“As a country, we will never tolerate our security being threatened, nor stand idly by when our people have been killed. We will be relentless in defense of our citizens and our friends and allies. We will be true to the values that make us who we are. And on nights like this one, we can say to those families who have lost loved ones to al Qaeda’s terror: Justice has been done.”
--President Barack Obama
May 1, 2011
May 1, 2011
The National Strategy for Counterterrorism, found here, http://www.whitehouse.gov/sites/default/files/counterterrorism_strategy.pdf formalizes the approach that President Obama and his Administration have been pursuing and adapting for the past two and half years to prevent terrorist attacks and to deliver devastating blows against al-Qa’ida, including the successful mission to kill Usama bin Laden.
Rather than defining our entire national security policy, this counterterrorism strategy is one part of President Obama’s larger National Security Strategy, which seeks to advance our enduring national security interests, including our security, prosperity, respect for universal values and global cooperation to meet global challenges.
This Strategy builds upon the progress we have made in the decade since 9/11, in partnership with Congress, to build our counterterrorism and homeland security capacity as a nation. It neither represents a wholesale overhaul—nor a wholesale retention—of previous policies and strategies.
Threat—This Strategy recognizes there are numerous nations and groups that support terrorism to oppose U.S. interests, including Iran, Syria, Hezbollah and HAMAS, and we will use the full range of our foreign policy tools to protect the United States against these threats.
However, the principal focus of this counterterrorism strategy is the network that poses the most direct and significant threat to the United States—al-Qa’ida, its affiliates and its adherents.
- Al-Qa’ida has murdered thousands of our citizens, including on 9/11.
- Al-Qa’ida affiliates—groups that have aligned with al-Qa’ida—have attempted to attack us, such as Yemen-based al-Qa’ida in the Arabian Peninsula’s (AQAP) failed attempt to bomb a Detroit-bound airliner on December 25, 2009.

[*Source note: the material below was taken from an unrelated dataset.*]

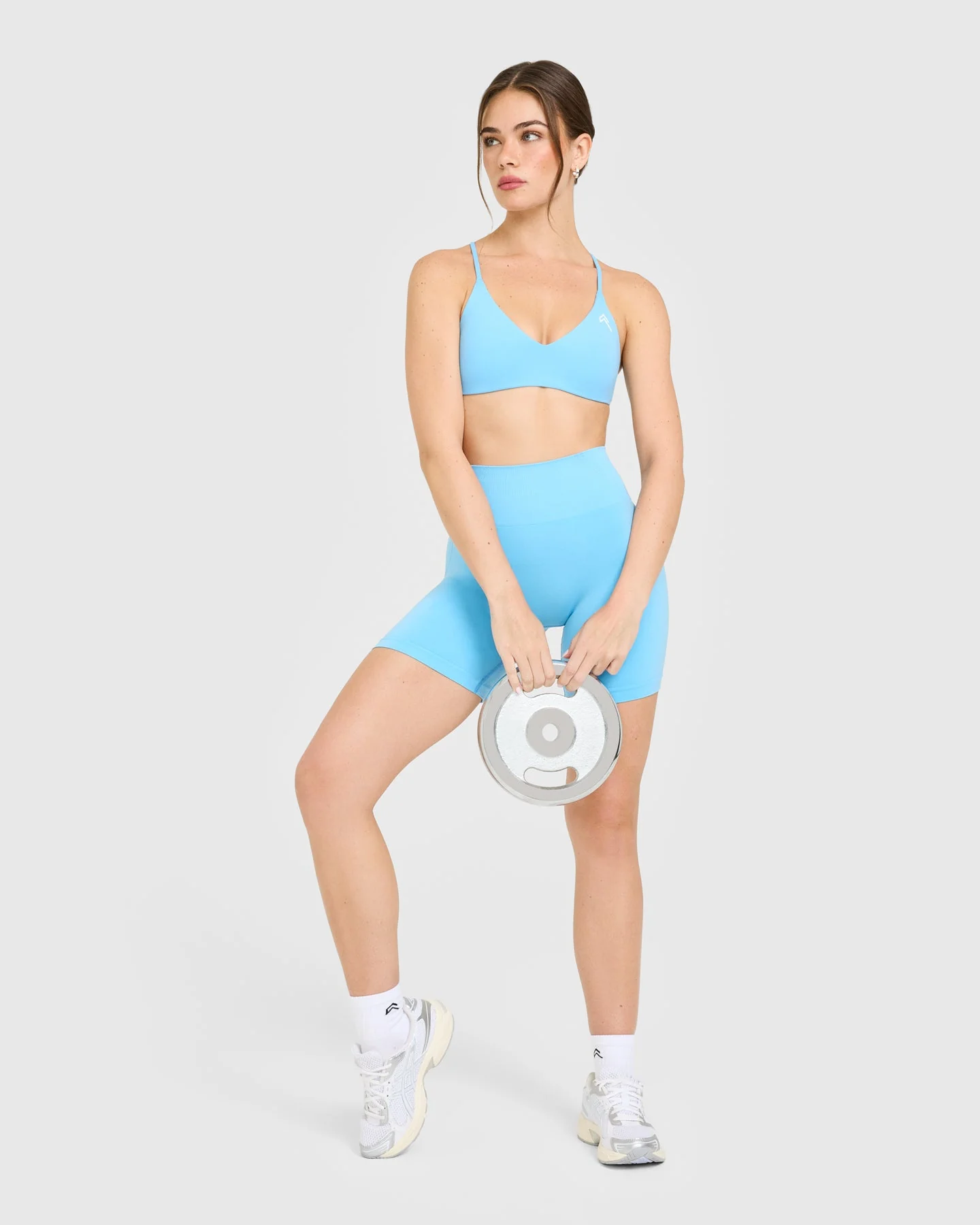 EasyLift™ Ultra Minimal Bralette with White Logo | Arctic Blue - Image 3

- Al-Qa’ida adherents—individuals, sometimes American citizens, who cooperate with or are inspired by al-Qa’ida—have engaged in terrorism, including the tragic slaughter of our service members at Fort Hood in 2009.
Our Posture—We are at war. We are waging a broad, sustained, integrated and relentless campaign that harnesses every element of American power to defeat al-Qa’ida.
Our Goals--To defeat al-Qa’ida, we are pursuing specific counterterrorism goals, including:
- Protecting our homeland by constantly reducing our vulnerabilities and adapting and updating our defenses.
- Disrupting, degrading, dismantling and defeating al-Qa’ida wherever it takes root.
- Preventing terrorists from acquiring or developing weapons of mass destruction.
- Eliminating the safehavens al-Qa’ida needs to train, plot and launch attacks against us.
- Degrading links between al-Qa’ida, its affiliates and adherents.
- Countering al-Qa’ida ideology and its attempts to justify violence.
- Depriving al-Qa’ida and its affiliates of their enabling means, including illicit financing, logistical support, and online communications.
- Upholding core American values, including rule of law and the privacy, civil rights, and civil liberties of all Americans;
- Harnessing every tool at our disposal, including intelligence, military, homeland security and law enforcement, and maximizing cooperation between communities;
- Building partnerships to with international institutions and partners so that nations can take the fight to al-Qa’ida, its affiliates and adherents in their own countries;
- Applying tools appropriately, recognizing that different threats in different regions demand different tools;
- Building a culture of preparedness and resilience at home to prevent terrorist attacks and ensure we can quickly recover should an attack occur.
- We have put al-Qa’ida under more pressure than at any time since 9/11, affecting its ability to attract new recruits and making it harder for al-Qa’ida to train and plot attacks.
- Al-Qa’ida’s leadership ranks have been decimated, with more key leaders eliminated in rapid succession than at any time since 9/11.
- Virtually every major al-Qa’ida affiliate has lost its key leader or operational commander.
- More than half of al-Qa’ida’s leadership has been eliminated, including Usama bin Laden
- Information seized from his compound reveals bin Laden’s concerns about al-Qa’ida’s long-term viability.
- Bin Laden clearly saw that al-Qa’ida is losing the larger battle for hearts and minds.
- Bin Laden knew that he had failed to portray America as being at war with Islam.
- He knew that al-Qa’ida’s murder of so many innocent civilians, most of them Muslims, had deeply and perhaps permanently tarnished al-Qa’ida’s image in the world.